I don't see the problem...

This is an absolutely great idea isn't it?

Coffee roasted, ground and brewed for you. Frankly the problem with the Hario is that I actually need to do some work, you know all that weighing and grinding and pouring to a specific time and ratio.

I just wish there was a machine that would do it all for me.


----------



## Kyle548 (Jan 24, 2013)

That might have been a joke.


----------



## coffeechap (Apr 5, 2012)

Kyle548 said:


> That might have been a joke.


Dude you should just leave it out there.......


----------



## Kyle548 (Jan 24, 2013)

coffeechap said:


> Dude you should just leave it out there.......

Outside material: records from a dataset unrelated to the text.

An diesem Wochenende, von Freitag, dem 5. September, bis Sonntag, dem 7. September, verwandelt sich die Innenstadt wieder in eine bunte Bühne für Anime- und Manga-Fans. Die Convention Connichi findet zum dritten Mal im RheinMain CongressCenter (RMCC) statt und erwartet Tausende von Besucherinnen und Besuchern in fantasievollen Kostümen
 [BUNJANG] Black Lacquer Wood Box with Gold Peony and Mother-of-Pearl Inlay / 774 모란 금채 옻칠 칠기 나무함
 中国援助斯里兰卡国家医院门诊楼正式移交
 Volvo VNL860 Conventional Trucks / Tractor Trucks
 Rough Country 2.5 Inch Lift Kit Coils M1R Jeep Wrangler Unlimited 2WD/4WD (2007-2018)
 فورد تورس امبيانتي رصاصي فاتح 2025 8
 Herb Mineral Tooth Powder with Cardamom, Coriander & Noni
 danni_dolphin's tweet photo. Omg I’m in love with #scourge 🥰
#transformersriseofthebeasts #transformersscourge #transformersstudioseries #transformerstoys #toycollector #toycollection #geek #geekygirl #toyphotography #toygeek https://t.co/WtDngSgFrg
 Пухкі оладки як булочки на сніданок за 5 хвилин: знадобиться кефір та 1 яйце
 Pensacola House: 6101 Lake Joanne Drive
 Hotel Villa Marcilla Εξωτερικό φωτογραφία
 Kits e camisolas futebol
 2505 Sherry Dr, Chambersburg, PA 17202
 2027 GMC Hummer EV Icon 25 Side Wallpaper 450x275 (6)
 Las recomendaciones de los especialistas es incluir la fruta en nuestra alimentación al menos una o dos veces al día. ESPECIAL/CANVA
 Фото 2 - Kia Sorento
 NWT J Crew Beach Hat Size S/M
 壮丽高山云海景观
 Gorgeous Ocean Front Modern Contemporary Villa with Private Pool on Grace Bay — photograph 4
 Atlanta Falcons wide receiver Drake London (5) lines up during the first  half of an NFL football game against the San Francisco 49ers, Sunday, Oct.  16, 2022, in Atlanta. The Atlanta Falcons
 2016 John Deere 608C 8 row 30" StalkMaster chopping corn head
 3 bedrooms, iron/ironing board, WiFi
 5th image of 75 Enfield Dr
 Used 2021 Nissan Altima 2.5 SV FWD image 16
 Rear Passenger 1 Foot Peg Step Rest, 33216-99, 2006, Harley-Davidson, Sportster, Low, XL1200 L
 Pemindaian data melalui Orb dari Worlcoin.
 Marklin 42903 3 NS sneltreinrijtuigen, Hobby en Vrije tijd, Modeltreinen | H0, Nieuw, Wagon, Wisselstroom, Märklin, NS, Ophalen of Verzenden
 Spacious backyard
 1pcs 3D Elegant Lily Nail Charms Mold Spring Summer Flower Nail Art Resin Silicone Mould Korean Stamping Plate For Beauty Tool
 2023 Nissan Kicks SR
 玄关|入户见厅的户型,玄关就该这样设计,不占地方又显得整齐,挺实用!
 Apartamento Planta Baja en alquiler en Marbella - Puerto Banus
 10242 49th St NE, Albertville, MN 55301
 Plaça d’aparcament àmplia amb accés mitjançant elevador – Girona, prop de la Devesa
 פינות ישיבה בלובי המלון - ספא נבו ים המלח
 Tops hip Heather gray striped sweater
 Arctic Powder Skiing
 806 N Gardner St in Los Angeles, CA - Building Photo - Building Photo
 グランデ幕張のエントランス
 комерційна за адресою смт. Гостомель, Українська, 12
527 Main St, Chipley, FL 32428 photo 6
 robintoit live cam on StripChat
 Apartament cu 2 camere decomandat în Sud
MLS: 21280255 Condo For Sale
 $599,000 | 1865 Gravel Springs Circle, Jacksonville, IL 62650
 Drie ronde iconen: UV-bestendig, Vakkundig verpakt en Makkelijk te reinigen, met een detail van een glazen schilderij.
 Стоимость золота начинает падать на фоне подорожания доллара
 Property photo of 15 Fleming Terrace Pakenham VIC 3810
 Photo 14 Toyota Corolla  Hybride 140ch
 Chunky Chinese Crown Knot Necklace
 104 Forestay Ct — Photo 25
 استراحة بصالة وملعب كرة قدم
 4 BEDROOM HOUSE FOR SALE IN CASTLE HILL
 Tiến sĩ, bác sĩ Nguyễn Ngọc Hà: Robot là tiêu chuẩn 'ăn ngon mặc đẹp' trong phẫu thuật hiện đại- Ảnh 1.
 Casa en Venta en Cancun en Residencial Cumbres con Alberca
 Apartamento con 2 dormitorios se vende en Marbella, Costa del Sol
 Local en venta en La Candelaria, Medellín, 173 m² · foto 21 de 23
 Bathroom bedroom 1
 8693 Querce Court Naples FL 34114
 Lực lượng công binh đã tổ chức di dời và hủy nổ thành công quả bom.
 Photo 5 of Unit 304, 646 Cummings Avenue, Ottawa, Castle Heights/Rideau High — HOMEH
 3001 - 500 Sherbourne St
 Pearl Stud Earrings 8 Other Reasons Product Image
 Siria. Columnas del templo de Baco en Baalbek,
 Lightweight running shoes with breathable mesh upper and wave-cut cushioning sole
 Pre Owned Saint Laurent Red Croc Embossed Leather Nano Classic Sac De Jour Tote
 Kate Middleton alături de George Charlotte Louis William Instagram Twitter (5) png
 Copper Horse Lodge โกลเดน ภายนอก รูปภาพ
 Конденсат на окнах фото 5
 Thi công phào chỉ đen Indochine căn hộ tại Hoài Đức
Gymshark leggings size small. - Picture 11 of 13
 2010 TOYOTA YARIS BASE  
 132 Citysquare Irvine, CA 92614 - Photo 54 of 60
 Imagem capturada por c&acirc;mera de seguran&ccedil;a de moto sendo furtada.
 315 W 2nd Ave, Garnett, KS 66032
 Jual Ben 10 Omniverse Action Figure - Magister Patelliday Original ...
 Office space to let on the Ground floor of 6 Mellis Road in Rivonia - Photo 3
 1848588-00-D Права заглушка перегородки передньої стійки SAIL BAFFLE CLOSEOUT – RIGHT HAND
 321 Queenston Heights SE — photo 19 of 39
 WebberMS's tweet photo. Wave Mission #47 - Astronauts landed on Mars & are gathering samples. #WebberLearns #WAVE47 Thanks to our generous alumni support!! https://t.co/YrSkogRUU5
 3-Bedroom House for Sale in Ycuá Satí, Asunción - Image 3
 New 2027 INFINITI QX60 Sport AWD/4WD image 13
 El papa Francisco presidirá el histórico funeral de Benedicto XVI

I mean about the machine being useful, if anything they should sell green coffee pods.

That way I don't even have to bother putting coffee into it.


----------



## Dylan (Dec 5, 2011)

Until they can sell me a machine that has a coffee bush and cat to eat it and then shit it into the roaster to make my coffee I personally will not be investing.


----------



## DavecUK (Aug 6, 2013)

Well 2 years on and this project has delivered nothing except irritated backers who want their money back.


----------



## Fevmeister (Oct 21, 2013)

DavecUK said:


> Well 2 years on and this project has delivered nothing except irritated backers who want their money back.


Natural selection at it's finest

Idiots who back something like this deserve to not get their money back


----------



## cold war kid (Mar 12, 2010)

I like it when people have got the balls to step outside their comfort zone and take a chance but that was never going to work was it?

I've never tasted coffee immediately after being roasted but everyone I know who has says it doesn't taste good.


----------



## cold war kid (Mar 12, 2010)

They stretched the truth a little with the farmer to you claim as well. What about the washing station, hauliers, importers, etc. That's if you can even make contact with a farmer who speaks English that can make all this happen just to send you 6 kg of beans. Then wht happens if the quality isn't good or you just don't like it?

Most people would end up buying from online merchants who are the last link in the chain.


----------